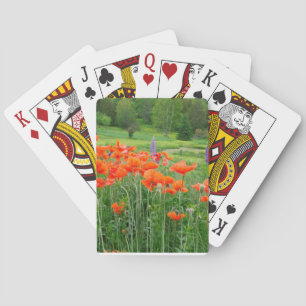 Jeu De Cartes Canada, Nouveau-Brunswick, . Paysage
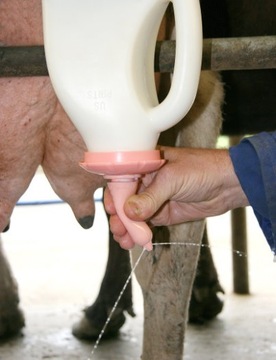 FC6 ВОДА С 6 СОСАМИ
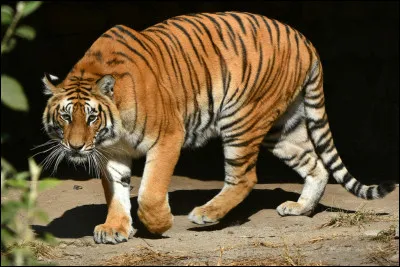 Comment se nomme le petit du tigre ?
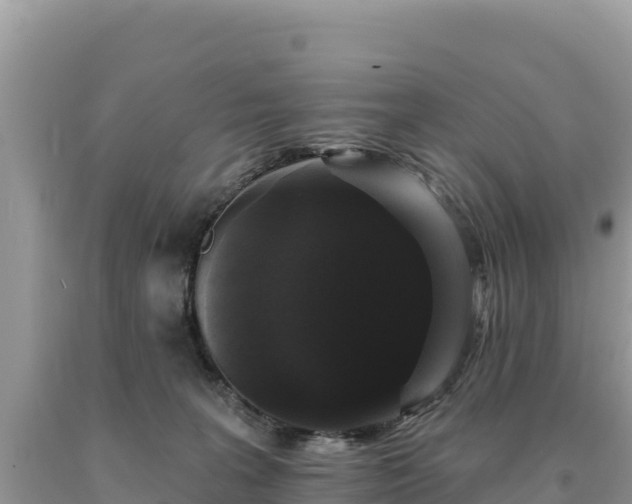 X0000093740227200710231218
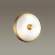 Настенно-потолочный светильник с лампочками Odeon Light Pelow 4956/2+Lamps E14 P45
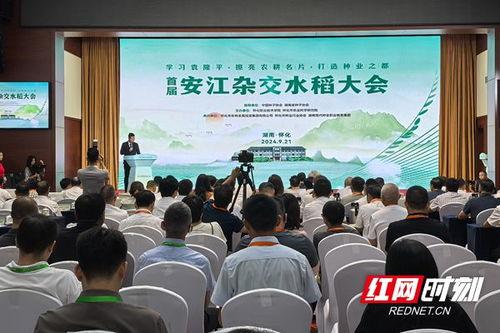 今日头条怀化安江新闻,聚焦发展新篇章，共绘美好未来图景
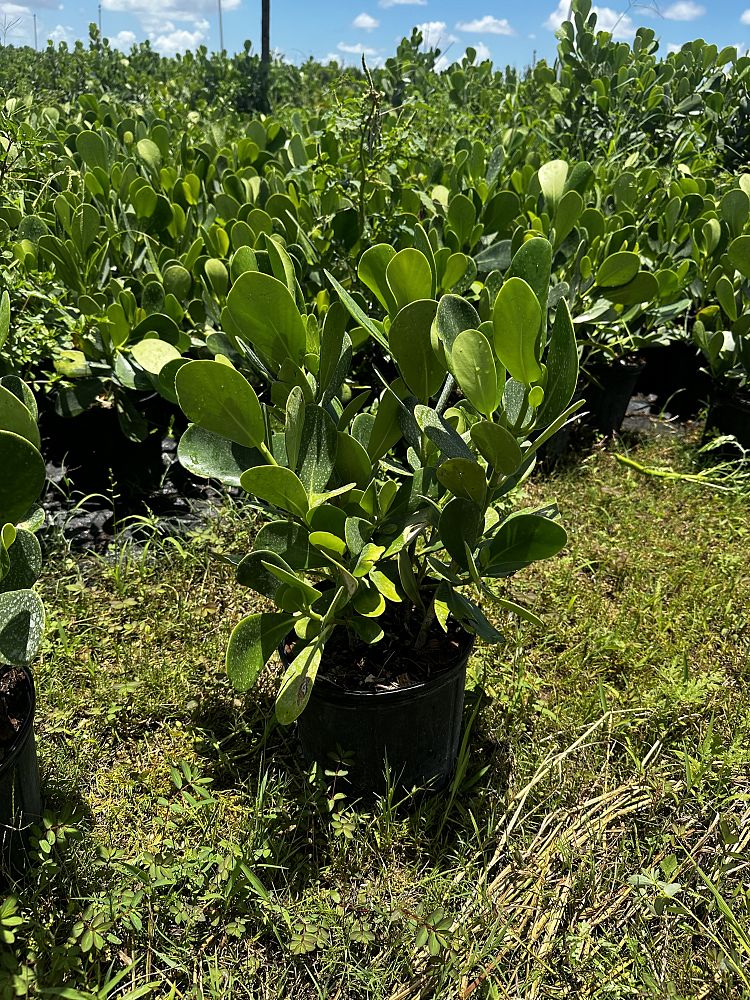 clusia-guttifera-small-leaf-clusia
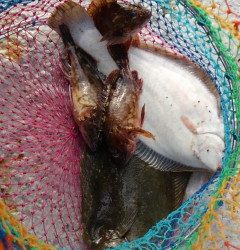 岸和田一文字　沖の一文字にて青イソメでカレイ34cm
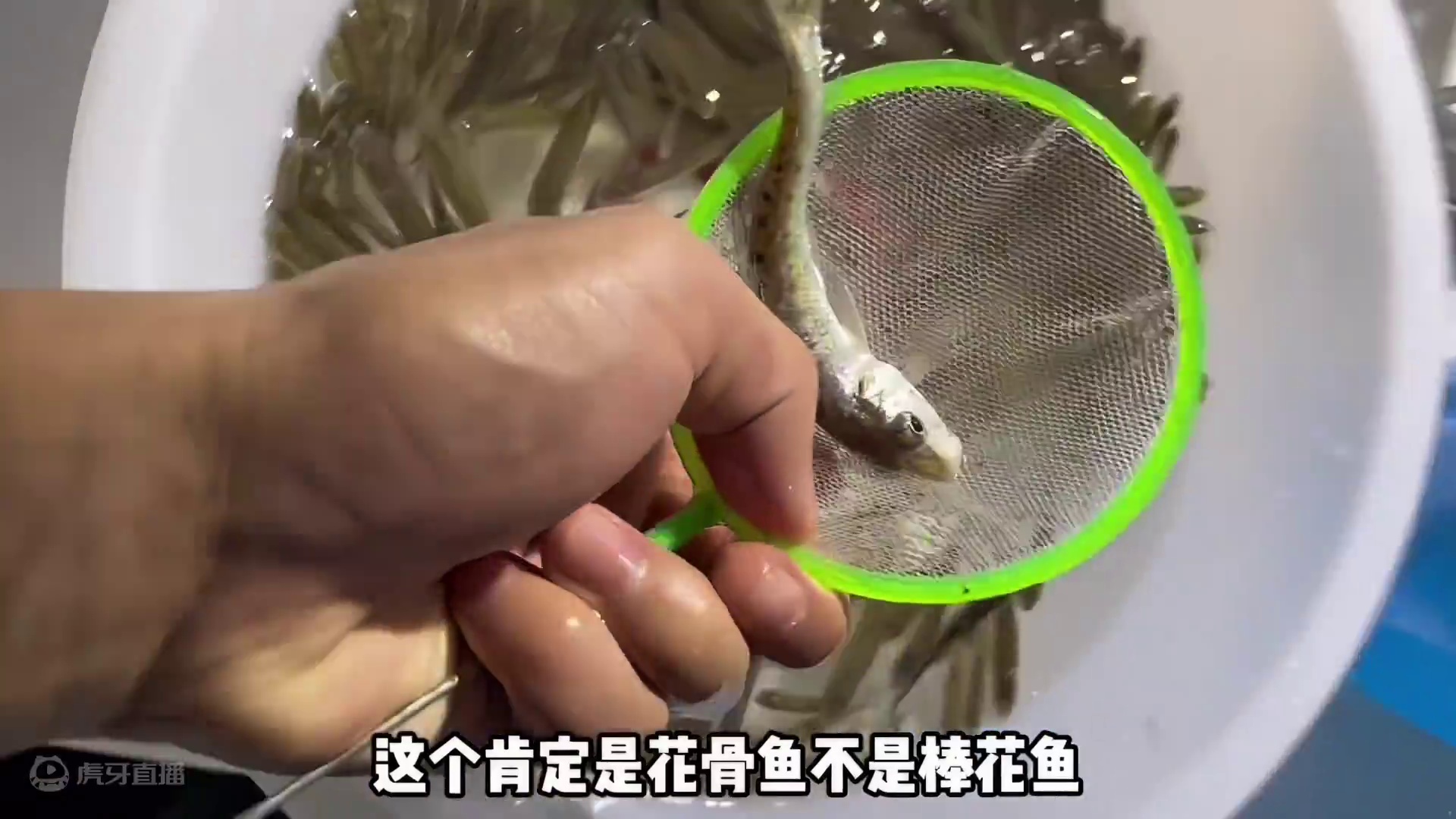 麦穗盲盒！！！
* * * * *
Omit all pictures and write out, exactly, only the lines from the line containing "clusia-guttifera-small-leaf-clusia" through the last line of the entries above.

 clusia-guttifera-small-leaf-clusia
 岸和田一文字　沖の一文字にて青イソメでカレイ34cm
 麦穗盲盒！！！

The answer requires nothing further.